Смысл высказываний Гесса сводился к тому, что вся политика германского правительства в настоящее время направлена, главным образом, на подготовку войны против России. Я помню точно сказанную Гессом в этой связи фразу: «Освободятся силы, занятые на Западе, которые можно будет использовать против России».

Высказывания Гесса при этом содержали несколько раз ссылку на Гитлера. Так, я помню высказывание Гесса о том, что Гитлер твердо рассчитывает после победы над Францией на то, что с Англией можно будет легко сговориться в том случае, если Германия выступит против России.

Гесс внимательно изучал получаемую из официальных и секретных источников информацию, сообщавшую о благоприятных для Германии политических симптомах в Англии.

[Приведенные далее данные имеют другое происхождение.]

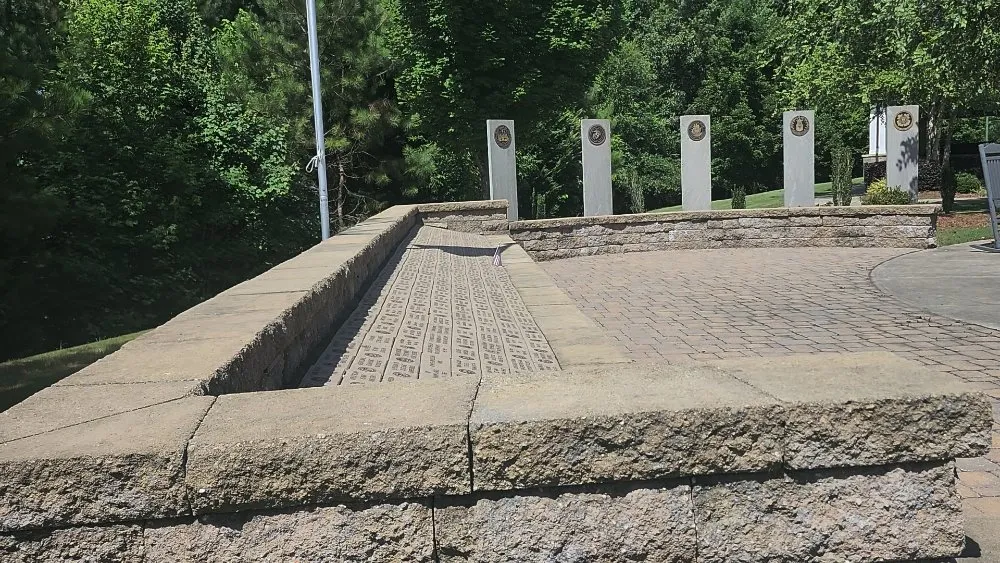 Custom landscape installation in Waxhaw, NC - MGM Earthscapes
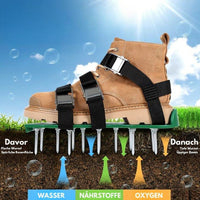 Grondbeluchter Schoenen | Grond Aerificeerder Schoenen | Groenstap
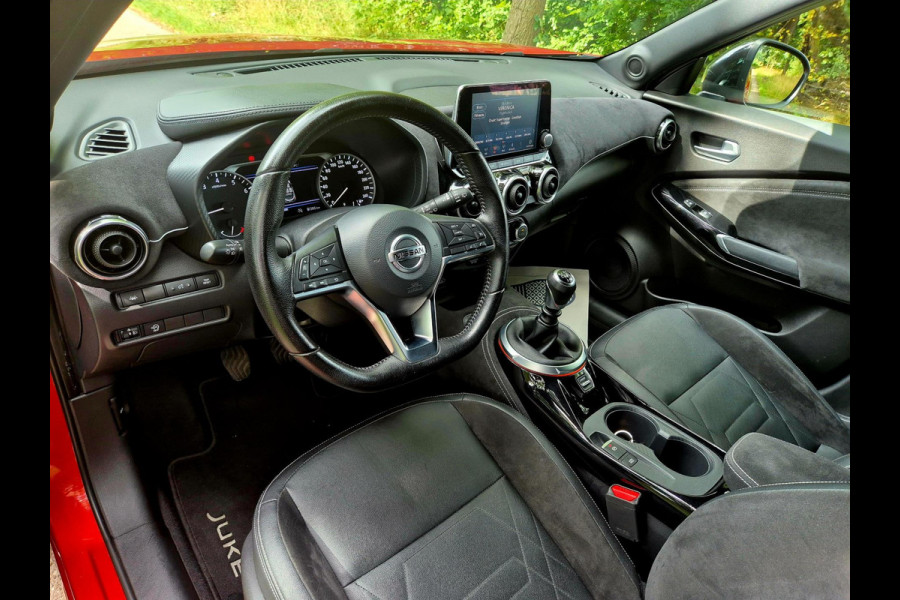 Nissan Juke 1.0 DIG-T N-Design . Leer . Stoelverwarming . Camera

Я помню, например, что в то время в английской печати появились инспирированные пораженческие статьи известных публицистов по военным вопросам генерала Фуллера и капитана Лиддл Гарта, которые стремились доказать безнадежность продолжения войны против Германии.

Особое значение Гесс придавал сообщению германского посла в Мадриде фон Шторера, согласно которому английский посол в Мадриде сэр Сэмюэль Хор в последнее время стал с ним исключительно любезен. Шторер писал, что отношения между ним и сэром Сэмюэлем Хором наладились, что нельзя представить себе, что их страны находятся в состоянии войны.

Через генерала Хаусхофера было получено сообщение от леди Робертсон из Лиссабона, вдовы английского генерала Робертсона, о том, что прогерманские круги в Англии считают, что наступила пора начинать мирные переговоры с Германией.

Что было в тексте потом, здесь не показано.